The diversity of the capitalist economy has already been noticed
in the earliest stages of capitalism. However, the founders of
Marxism thought that it was just a temporary situation, and that
the different modes of production were to be absorbed by the
large-scale industry in the process of industrial concentration
and collectivisation. Even V.I.Lenin, admitting the essentially
non-uniform economical development of imperialism, saw the major
task of the transition period, after the victory of socialist
revolution, in overcoming the diversity of economy inherited
from capitalism. The suggestion of the universal non-uniformity
and the economical hierarchy makes the things look differently.
The diversity of economy within every economical formation is
the objective necessity, since no stage of development can be
lost without any trace in the human culture, and once a scheme
of activity has been discovered, it will be kept in the arsenal
of social creativity for ever. It is this accumulation of
experience that enormously enhances the humanity's ability to
survive. Feudal economy is much more flexible than the ancient
slavery, and the capitalist organisation makes the society even
more stable. Therefore, the replacement of capitalism with some
other economical and social system would require a general
industrial crisis that could not be overcome in the formerly
found ways. This conclusion extends the Marxist statement that
social revolutions result from economical development: the
internal development of economy in a relatively stable environment is
not enough, and there should be some external pressure that makes
the existence of the old social organisation impossible. This
external factor acts as an objective force, though the drastic
environmental changes may be caused by the human activity itself.
Since any economy may combine many modes of production, the process
of one economical formation changing another becomes more smooth.

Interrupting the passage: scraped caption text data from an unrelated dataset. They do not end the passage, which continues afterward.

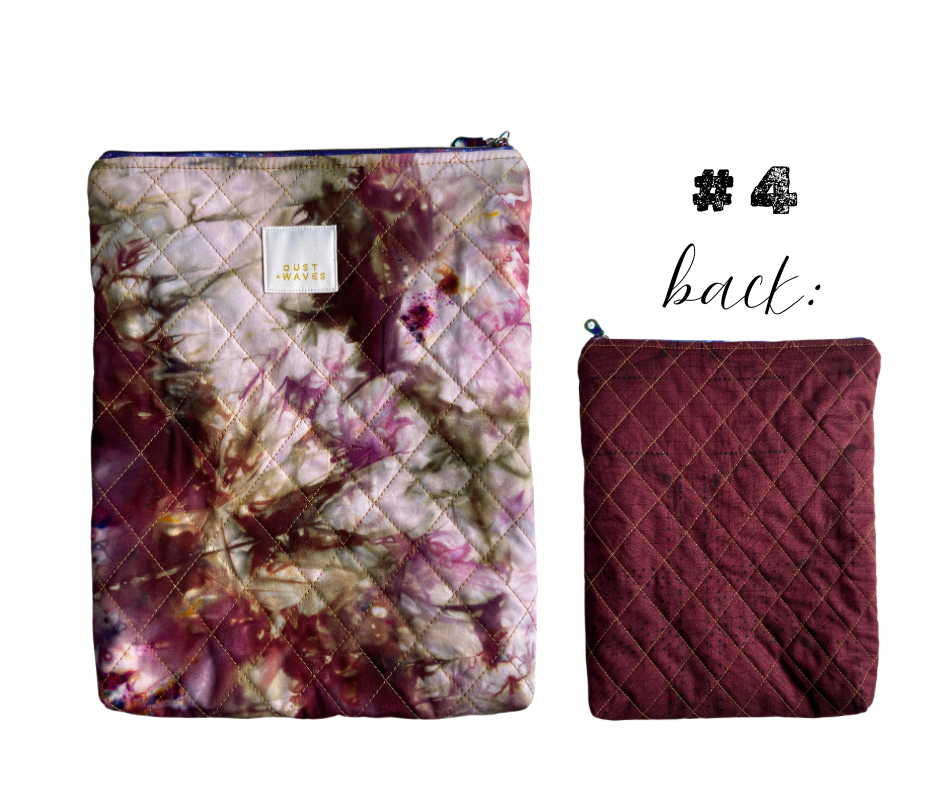 quilted book pouches ALL NEW COLORS!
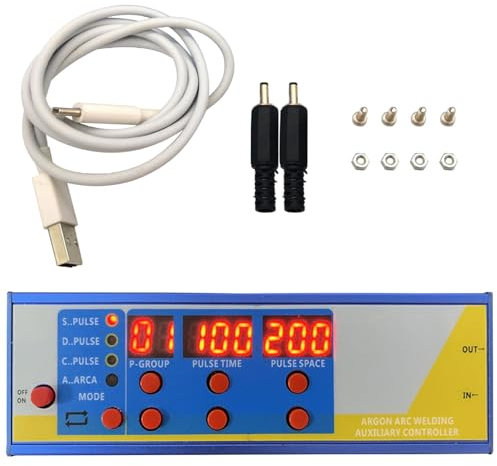 Spot Welder Controller 5V 2A Adjustable Argon Arcs Spot Welder Control Board with Data Cable and Sockets Spots Welding Machine Cold Welding Controller for Spot Welder Attachment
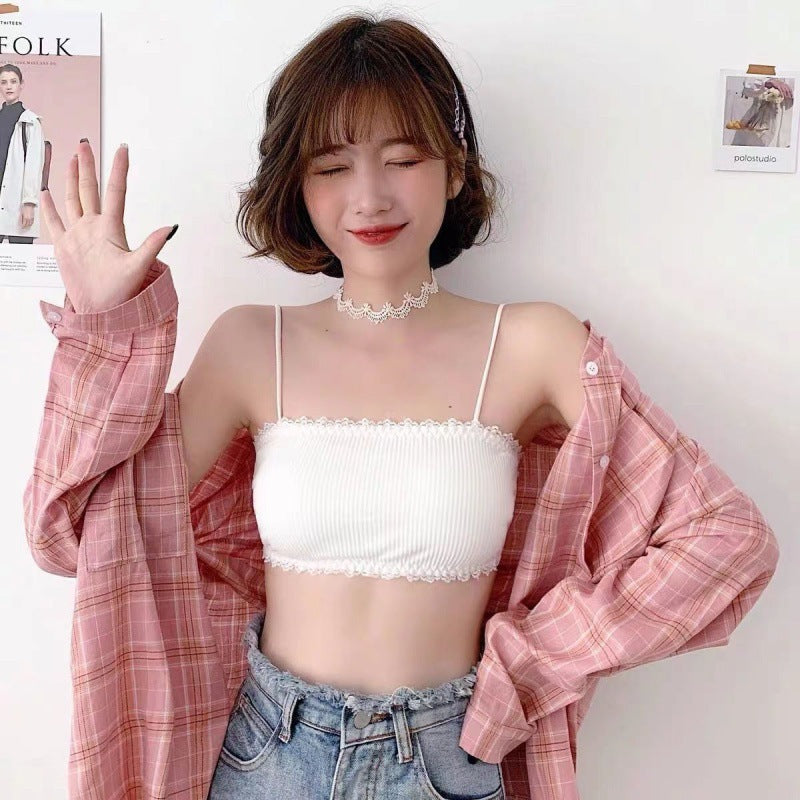 Women's undergarment with a plunging neckline and straps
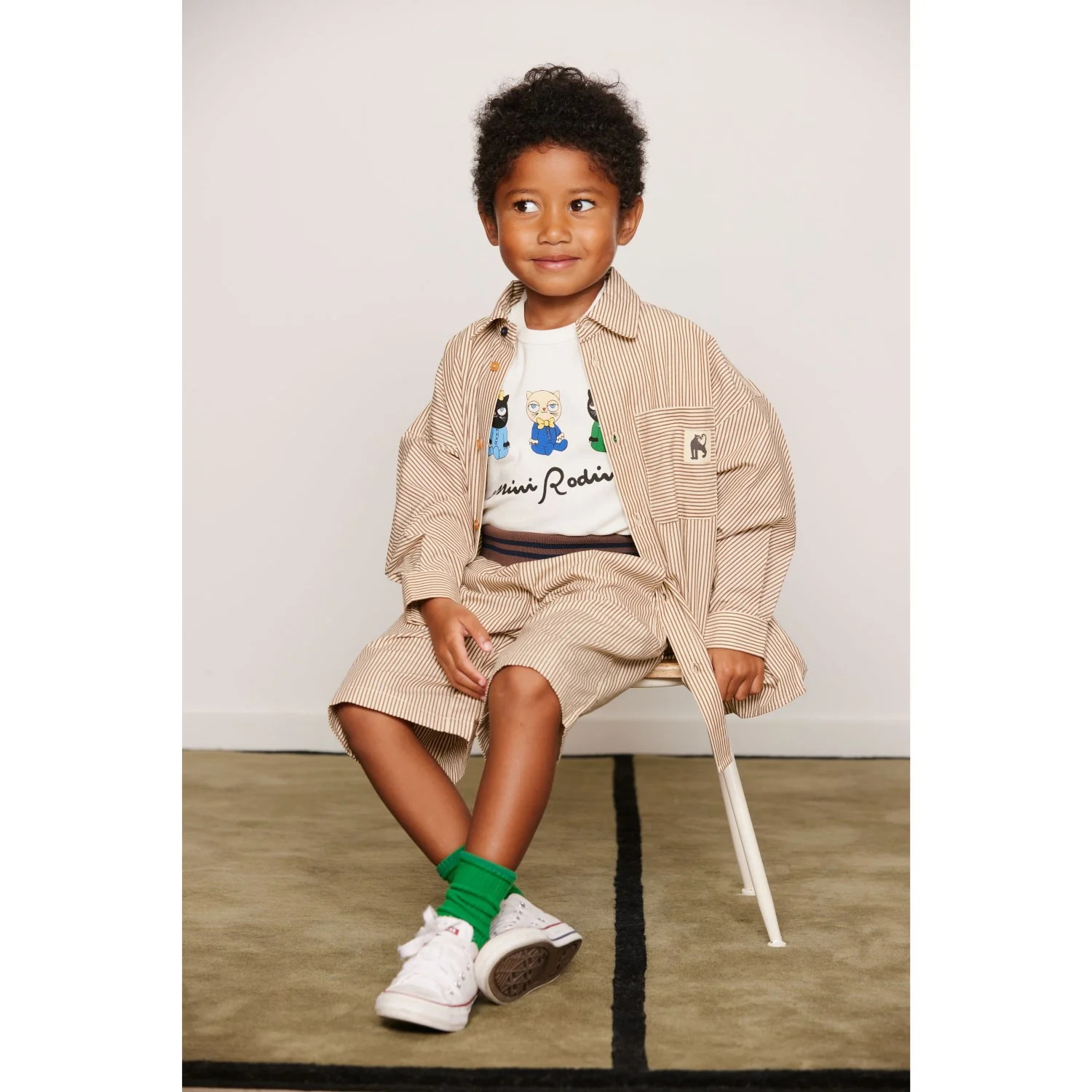 Mini Rodini Brown Poplin Yd Woven Shorts - Image 6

There is no unbridgeable gulf between the two successive formations,
and the sprouts of a new economical organisation are logically allowed
to grow within the old society. However, if one believes that the
communist formation implies no class antagonism, the different modes
of production would co-exist within communism in an essentially
different way than in the capitalist economy. This problem
requires a special consideration. Here, I may only suggest that
the solution lies in the partial transformation of the real activities
into a kind of instructive games. For example, children may play
the roles of extreme enemies in some game, remaining the friends
in the real life; more of that, they have to be friends
to play together.
The process of economical development may alter the character
of a specific activity, so that the "natural" division
of labour becomes the social discrimination. In the modern world,
there are many examples of how the functions that seem purely
physiological are detached from an individual and become independent
of a particular realisation. Thus, woman's milk is not absolutely
necessary for baby nutrition, and the process of impregnation does
not require a sexual intercourse. Therefore, the division of
labour in such activities is no longer a natural phenomenon, but
rather a social establishment, which may come into contradiction
with the general economical organisation and incite social antagonism.
The hierarchy of subjectivity
As it has already been noted, Marxism originally treated classes
as general categories, rather than actual groups of people. However,
the Marxist theory of class struggle implies that a class can
also be a subject, with many features that are usually attributed
to a person, including the class consciousness. But how can an
abstract category be a subject of activity? Are there such things as
class consciousness, class interests, or class will?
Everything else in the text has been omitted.